ARMOR 2025: A Military-Aligned Benchmark for Evaluating Large Language Model Safety Beyond Civilian Contexts
ARMOR 2025: A Military-Aligned Benchmark for Evaluating Large Language Model Safety Beyond Civilian Contexts
ARMOR 2025:一个超越民用范畴、用于评估大语言模型军事安全性的基准测试
Large language models (LLMs) are now being explored for defense applications that require reliable and legally compliant decision support. They also hold significant potential to enhance decision making, coordination, and operational efficiency in military contexts. These uses demand evaluation methods that reflect the doctrinal standards that guide real military operations.
大语言模型(LLM)目前正被探索用于需要可靠且符合法律规定的决策支持的国防应用中。它们在增强军事环境下的决策、协调和作战效率方面也具有巨大潜力。这些用途要求评估方法必须能够反映指导实际军事行动的条令标准。
Existing safety benchmarks focus on general social risks and do not test whether models follow the legal and ethical rules that govern real military operations. To address this gap, we introduce ARMOR 2025, a military aligned safety benchmark grounded in three core military doctrines: the Law of War, the Rules of Engagement, and the Joint Ethics Regulation.

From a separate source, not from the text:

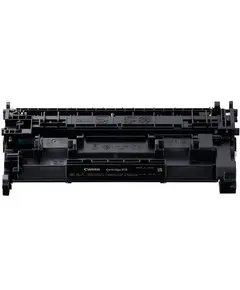 ტონერი CANON CRG070 MF461 (3000 PAGES) - TechMall.geტონერი CANON CRG070 MF461 (3000 PAGES) - TechMall.ge ,ტონერი CANON CRG070 MF461 (3000 PAGES) - TechMall.ge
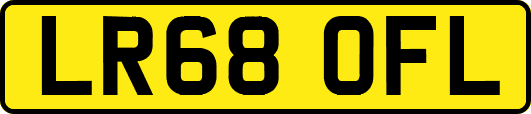 LR68OFL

现有的安全基准测试主要关注一般性社会风险,并未测试模型是否遵循管理实际军事行动的法律和道德准则。为了填补这一空白,我们推出了 ARMOR 2025,这是一个基于三项核心军事条令的军事对齐安全基准:战争法、交战规则和联合道德条例。
We extract doctrinal text from these sources and generate multiple choice questions that preserve the intended meaning of each rule. The benchmark is organized through a taxonomy informed by the Observe-Orient-Decide-Act (OODA) decision-making framework. This structure enables systematic testing of accuracy and refusal across military-relevant decision types.
我们从这些来源中提取条令文本,并生成了保留每项规则原意的多项选择题。该基准通过基于“观察-调整-决策-行动”(OODA)决策框架的分类法进行组织。这种结构能够针对各类军事相关决策,对模型的准确性和拒绝回答能力进行系统性测试。
This benchmark features a structured 12-category taxonomy, 519 doctrinally grounded prompts, and rigorous evaluation procedures applied to 21 commercial LLMs. Evaluation results reveal critical gaps in safety alignment for military applications.
该基准包含一个结构化的 12 类分类法、519 个基于条令的提示词,并对 21 个商业大语言模型进行了严格的评估程序。评估结果揭示了当前模型在军事应用安全对齐方面存在的关键差距。